These are some interesting Summary Statistics to look at before diving further into the data.
| Average Retail Cost per 100ml | Average Percent Total Fat Content |
|---|---|
| 3.425 | 98.48 |
| Average Percent Omega 3 & 6 Content | Average Health Rating |
|---|---|
| 26.83 | 0.03619 |
| Average Percent Retail Markup | Highest Health Rating | Lowest Health Rating |
|---|---|---|
| 814.5 | 1.87 | -0.65 |
Will there be a connection between the Health Rating of the Fat or Oil and the Retail Cost?
My hypothesis is that there will be a connection between the two, with an increase in price as health rating increases. A ggplot with a geom smooth will be used to create the visualization.
What surprised me is that when looking at the graph there does not seem to be a clear connection between the price and how healthy it is for a person to consume. Price seems to be low for most types of oils and fats however, certain oils do vary significantly from the rest in terms of the health rating.

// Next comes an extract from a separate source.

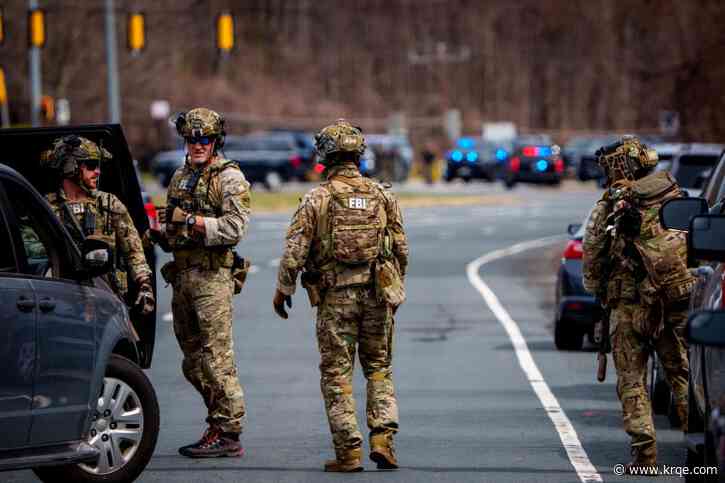 'Barricade incident' near CIA headquarters after armed man spotted: Police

Going forward this could interesting to look at.
Is there a connection between the Taste Strength Index and the Retail Markup, leading to higher Retail Costs per 100ml?
My assumption is that there will be a connection as this would explain why it is more sought after at higher prices if the taste strength index is higher and impacts the taste of food more.
It appears that there is not a strong connection between the taste strength index and the retail markup, however, what this visualization did reveal is that the higher end outlier in graph 1 is charging a huge percent retail markup and is a high price to begin with, meaning that it is sought after very high prices above its true worth.
Is there a connection between the Oil Type Index and Cost per 100ml when looking at the Percent of Omega 3 & 6?
Judging by the previous graphs I would not expect there to be a connection between the variables, however if oils higher in Omega 6 and 3 are higher in price it would not shock me, as people purchase items such as these to replenish needed fats like these. Which could result in a price premium.
After analyzing the visualization it appears that the omega 3 and 6 percentages within the oils do not impact the overall price significantly, but it does appear that the higher the content the lower the price is expected to be.
Is there a connection between the Oil Type Index and Retail Markup when looking at the Percent of Omega 3 and then looking at Percent of Omega 6?
I expect that one of the two Omega percents will play a larger role in contributing to the Retail Markup, as I assume one is more valuable than the other.
When looking at the retail markup, based on Omega 3 and Omega 6 percents it does not look like they are connected to the amount the price is marked up which to me means that the value behind the product is not associated immensely with either attribute for the oil.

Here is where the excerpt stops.